Pochi mesi fa, ha fatto scalpore il caso del trapper Shiva: accusato di aver ferito, con un'arma da fuoco, due coetanei che gli avevano teso un agguato. E lo stesso discorso potrebbe valere per molti altri esponenti della scena musicale del genere trap: alcuni di questi cantanti, hanno infatti alle spalle reati per rapina a mano armata, rissa e tentato omicidio.
Ma perché la criminalità giovanile è in aumento? E da cosa è giustificata, oggi come nel passato, l'aggressività e la violenza dei più giovani?
Criminalità giovanile e aggressività
Le baby-gang sono gruppi di giovani o giovanissimi che si uniscono in bande per mettere in atto azioni criminali. Non di rado, questi giovani provengono dalle periferie, ma l'estrazione sociale non sembra essere un fattore discriminante nel fenomeno della criminalità giovanile.
Piuttosto che l'estrazione sociale, è la condizione familiare a spingere i più giovani verso la violenza. Tale condizione può essere segnata dalla presenza di figure genitoriali a loro volta violente, assenti, aggressive, dedite all'abuso di alcolici o stupefacenti (com'è ovvio, queste figure possono esistere in famiglie segnate dal disagio economico come in famiglie benestanti o del ceto medio).
In questi casi, l'aggressività dei giovani appare come un chiaro caso di acting-out: una forma di espressione che tende a esternare il disagio emotivo e psicologico sottoforma di azione violenta.
Casi di acting-out possono essere:
- rompere oggetti quando si è arrabbiati;
- autolesionismo;
- uso di sostanze per placare il dolore;
- autolesionismo;
L'acting-out è quindi un tentativo disfunzionale di esprimere un disagio profondo, che non si è in grado di verbalizzare e di esprimere in maniera sana e tesa verso un obiettivo di crescita.
Fenomenologia della violenza
Le baby-gang, si avventurano spesso nel centro città per effettuare rapine (telefoni, gioielli, addirittura giacche). Come detto, l'obiettivo principale di queste azioni non è il guadagno economico, bensì l'espressione di una sofferenza interiore.
Molti giornali, ultimamente, hanno accusato la musica trap di instillare nei ragazzi una mentalità aggressiva e dedita all'abuso fisico ed emotivo. Questa musica presenta infatti testi violenti, spesso misogini e che esaltano lo stile di vita di strada.
Eppure, la musica non è l'unica colpevole: se i giovani esprimono il disagio attraverso l'aggressività, è perché non dispongono dei mezzi per fare altrimenti. In questo contesto, le scuole dovrebbero svolgere un ruolo di sensibilizzazione verso le problematiche di salute mentale. Quelle stesse problematiche che, nel contesto della crisi della società contemporanea, colpiscono sempre più giovani e adulti senza grosse distinzioni.

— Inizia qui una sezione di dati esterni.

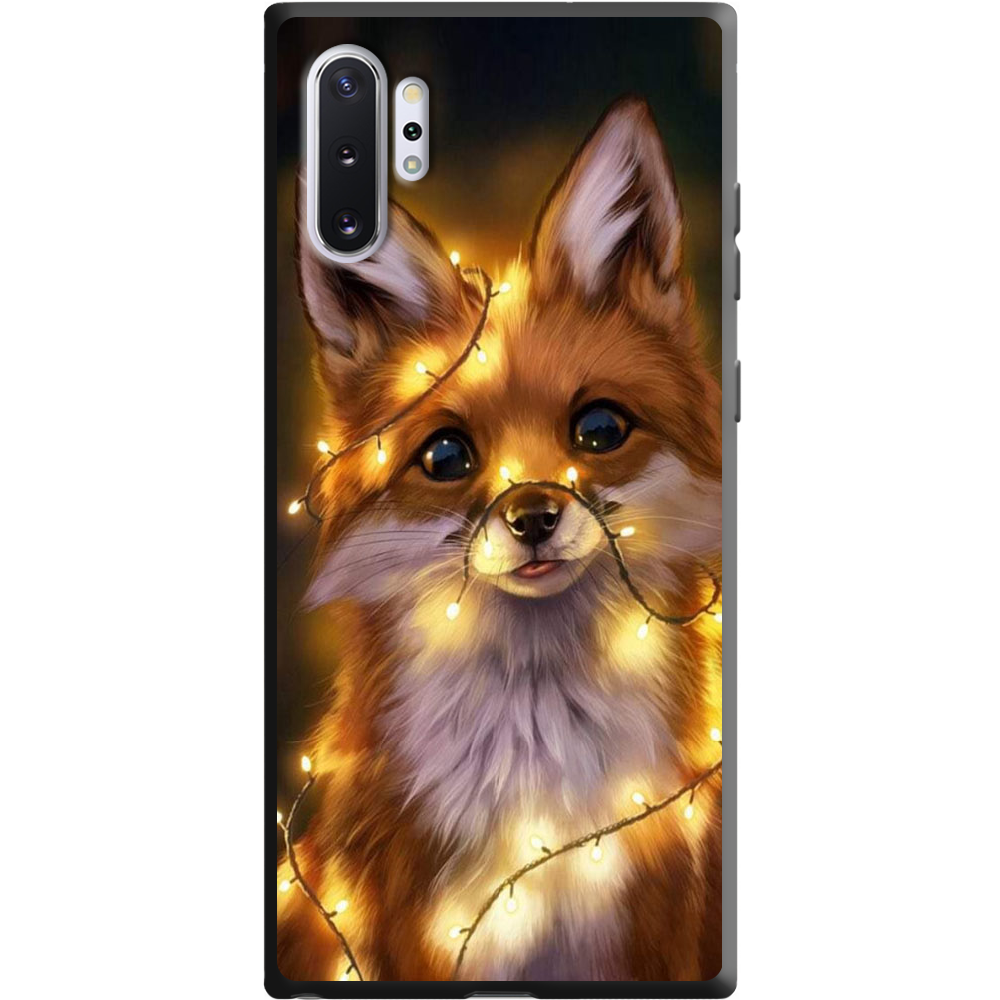 Чохол Boxface Samsung N975 Galaxy Note 10 Plus Різдвяна Лисичка Чорний силікон (37686-up2399-38700)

La capacità di entrare in contatto con il proprio disagio, senza esprimerlo attraverso l'aggressività, passa in secondo luogo per la coltivazione dell'intelligenza emotiva. Una dote che consente di riconoscere e conoscere il proprio vissuto interiore, così da utilizzarlo per un miglioramento significativo della qualità della vita.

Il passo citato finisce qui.